Traditional transaction cost analysis (TCA) could be a casualty in the shifting landscape of pre- and post-MiFID II regulation, with 39% of buy-side firms rethinking their use of TCA to deliver best execution due to the lack of a viable fixed income option, according to a Liquidnet survey of over 50 trading heads at asset management firms.

The report, ‘Re-Engineering Best Execution’, published today, has analysed how traders will respond to the shift in liquidity provision, broker/trader relationships, and the incoming best execution obligations. With a dearth of reliable data streams in fixed income, firms will be forced to look elsewhere for data provision.

Rebecca Healey, head of EMEA market structure at Liquidnet said “The hope was that vendors would come up with viable TCA products, so firms are having to think around the structure.

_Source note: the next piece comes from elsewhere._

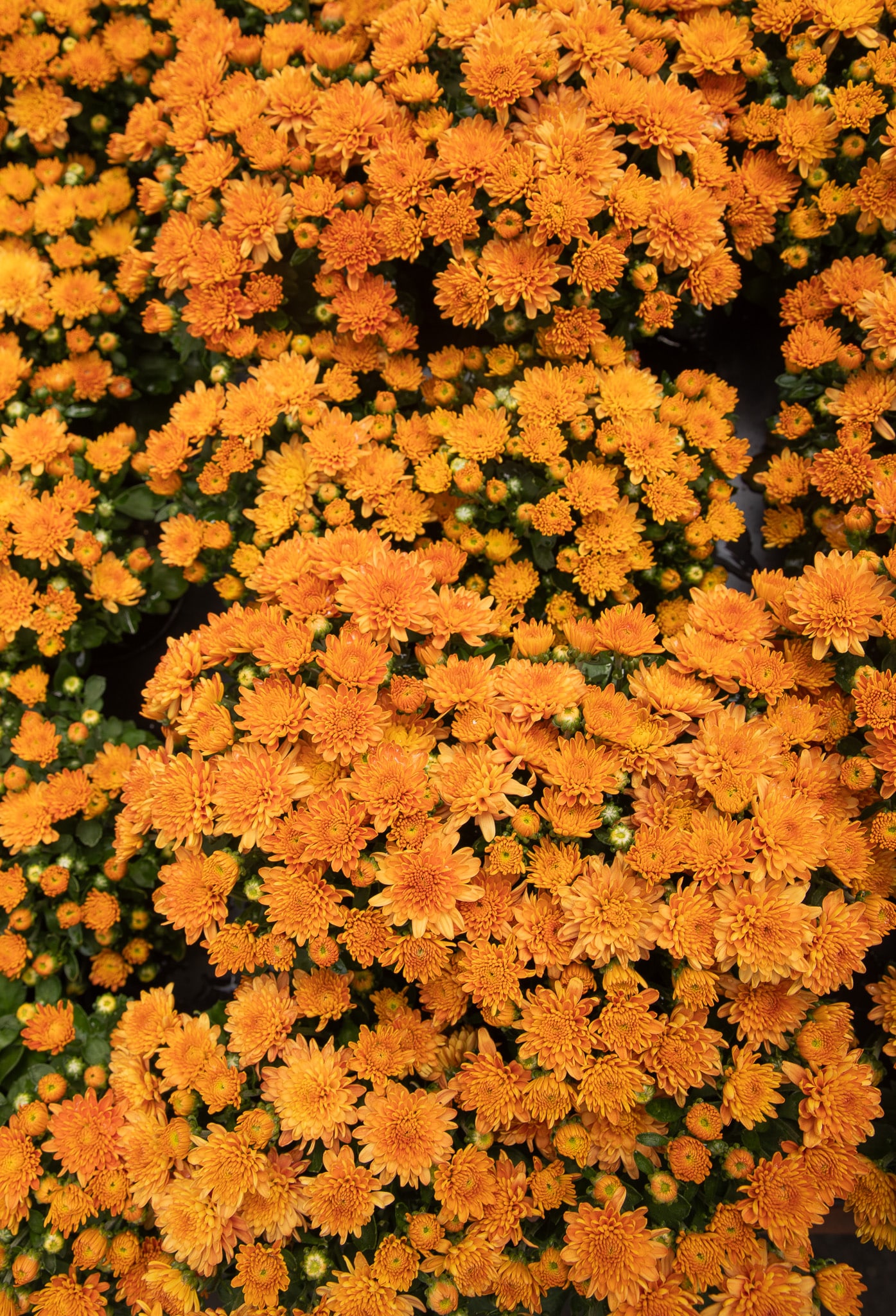 Dense cluster of vibrant orange marigold flowers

They are being more creative about how they get to the end game, rather than relying on vendors to deliver off-the-shelf products”.

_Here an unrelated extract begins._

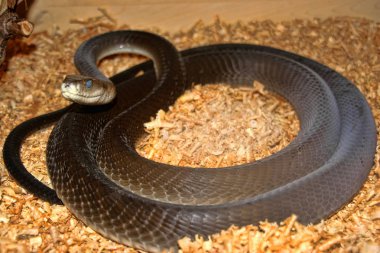 Black mamba, Dendroaspis polylepis, is one of the most feared snakes clipart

The industry has begun to see a shift towards more holistic best execution analysis, and the survey indicates that firms are rethinking whether TCA is the best tool, given the lack of credible data to be found in fixed income in the current market.

Michael Sparkes, head of business development at broker, and TCA provider ITG Europe, said that although TCA in fixed income has historically been less developed, partly because of the lack of good market data, there is some to be found, and with MiFID II, data availability is only set to increase.

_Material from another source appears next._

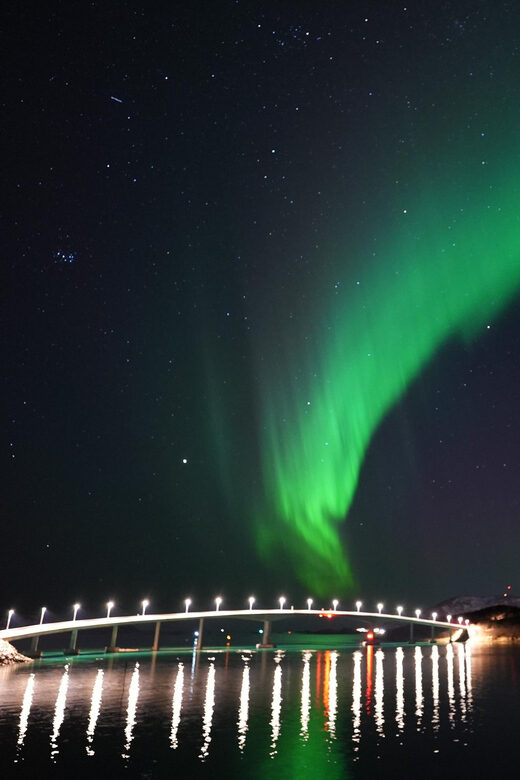 Chase the Magic of the Northern Lights in Tromsø Norway - The campfire experience and local treats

“It will improve over time, with buy-side demands, expectations, and pressure accelerating the process. People are exploring ways in which they can, and should, use TCA”, Sparkes said.  

The obligation to provide quantifiable evidence for best execution is seeing some firms building their own data warehouses in-house.  

Tom Driscoll, managing director of global sales at front and middle office software solutions provider, Charles River, identified problems that are currently facing the buy side as a result of the current offerings from data vendors,

“I’m surprised vendors haven’t offered a more comprehensive solution, and some of the vendors with the specialty data required are making it prohibitively expensive, using data as a way of drawing buy side firms to their complete platform”.

The report showed that buy-side firms are evaluating data and liquidity providers, with 70% of the asset managers surveyed now reviewing new liquidity providers outside of current broker relationships

ITG’s Sparkes acknowledges that for best execution or effective trading processes where there is a lack of data, a different sort of approach is required, such as looking at where to source liquidity.

However Healey hinted at the likelihood of a post-MiFID impact on market data levels, as the feedback loop from regulatory changes becomes more established

“The surge in data that we’re going to get from increased reporting will help firms to mine data far more intelligently and to add real value to the execution performance”. 

She said that those who are best prepared at the moment – just 6% of asset managers said they feel ‘ready’ for MiFID II – are those who acknowledge the level of change that the regulator is looking for, aiming to systematically deliver best execution.

Healey also revealed that firms are already reporting strategy changes as a result of data that they are collecting, understanding the impacts of factors such as the timing of orders on fund performance.

It is likely that those under the pressure of meeting MiFID II will reap the benefits, and even those not directly affected by regulatory change are looking to adapt to the changing market, with Driscoll saying that Charles River has been advising clients from Japan and the US about the effects of MiFID II.

Healey believes that it is in fact those firms that come under MiFID II that will be best served in the future, despite the current challenges.

“It’s going to be worth it in the long haul, it’s just a painful process at the moment, but the benefits of better execution will outlay the costs that the firms have to take in the meantime”.